The Moores answered and filed a motion for summary judgment based on the record in the prior proceeding. As the defendant and movant for summary judgment, it was the Moores' burden to either negate as a matter of law at least one element essential to Pope's ground of recovery or to establish as a matter of law every element of an affirmative defense. See Swilley v. Hughes, 488 S.W.2d 64, 67 (Tex.1972); Mostek Corp. v. Chemetron Corp., 642 S.W.2d 20, 23 (Tex.App.—Dallas 1982, no writ). To discharge this burden, the Moores relied wholly on the record in the former proceeding, contending in part that Pope was not entitled to a bill of review as a matter of law because he could not now seek to relitigate the trial court's finding of when he learned of the default judgment.

Although the parties treat this contention as an invocation of the doctrine of res judicata, we think it more properly treated as a claim of collateral estoppel.

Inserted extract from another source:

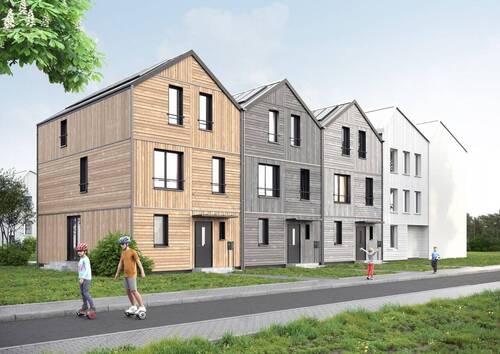Eingangsseite - 5 Zimmer Reihenmittelhaus zum Kaufen in Bremen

See, e.g., Puga v. Donna Fruit Co., 634 S.W.2d 677, 679 (Tex.1982). This doctrine bars relitigation in a different cause of those fact issues previously litigated in and essential to an action concluded by the rendition of a prior judgment. See Benson v. Wanda Petroleum Co., 468 S.W.2d 361, 362 (Tex.1971). Questions of fact actually decided in post-judgment motions attacking the validity of the judgment are deemed "essential" thereto and, therefore, fall within the ambit of this rule. See Rizk v. Mayad, 603 S.W.2d 773, 775 (Tex.1980). Given the trial court's written finding of when Pope knew of the judgment, that question was undoubtedly actually litigated in the disposition of Pope's new trial motion.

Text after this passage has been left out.